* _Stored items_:
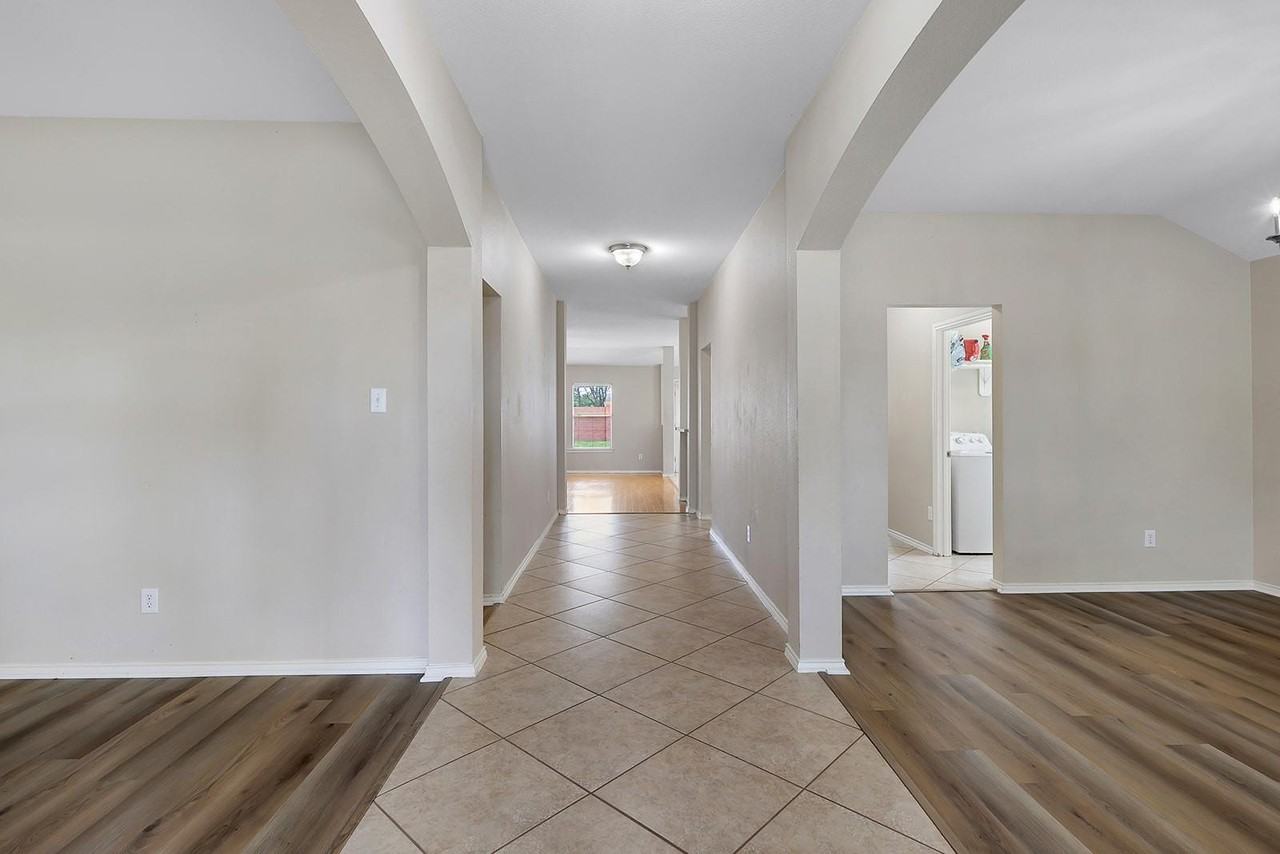 26507 Abbey Springs Ln - Photo 2 of 29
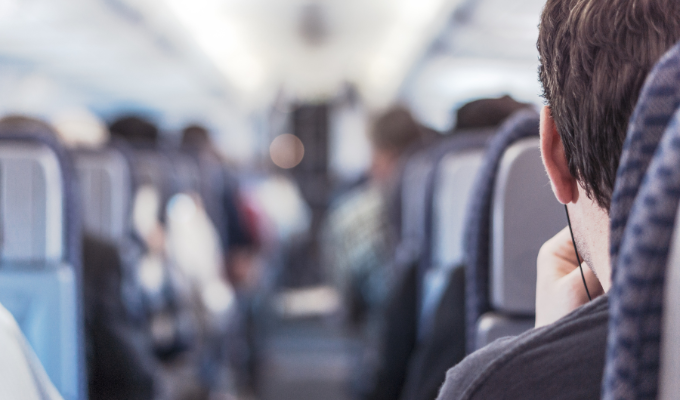 ¡Emergencia aérea por disentería! Vuelo a Barcelona retorna 🛫💥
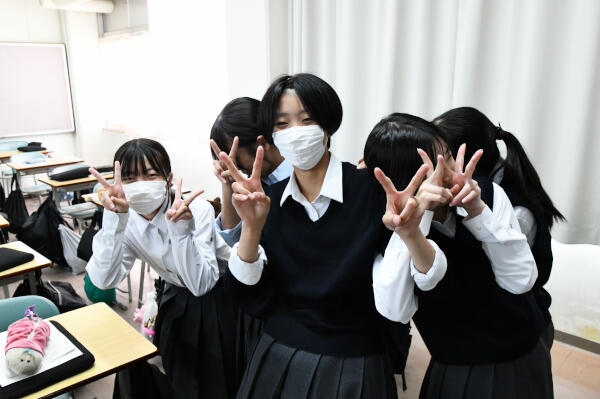https://www.osaka-c.ed.jp/blog/kanaoka/52th/af67c474536c9fe019dfd86799f283c3.jpg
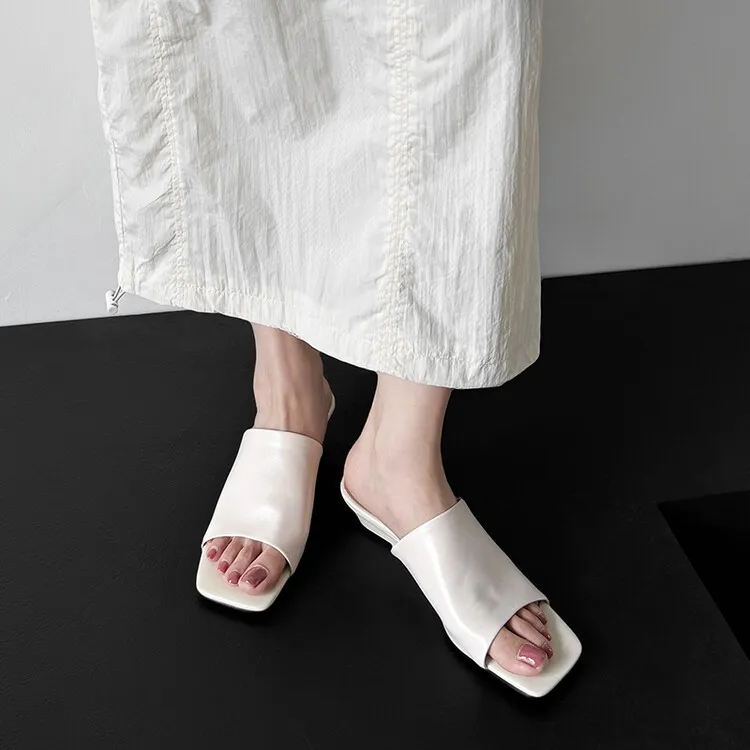 Soft, top-grain sheepskin, all-leather, summer sandals for women, square toe, simple and stylish wedge heel.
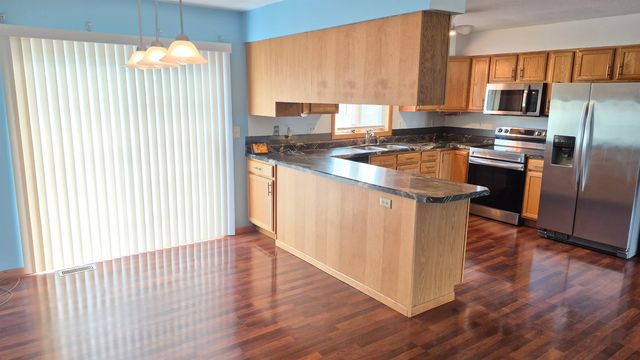 1312 7th Street NE, Minot, ND 58703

* _TASK_:
The copy should hold exactly the lines from the line containing "Barcelona retorna 🛫💥" through the end of the data, both ends included, and no pictures.

* _EXERCISE RESULT_:
 ¡Emergencia aérea por disentería! Vuelo a Barcelona retorna 🛫💥
https://www.osaka-c.ed.jp/blog/kanaoka/52th/af67c474536c9fe019dfd86799f283c3.jpg
 Soft, top-grain sheepskin, all-leather, summer sandals for women, square toe, simple and stylish wedge heel.
 1312 7th Street NE, Minot, ND 58703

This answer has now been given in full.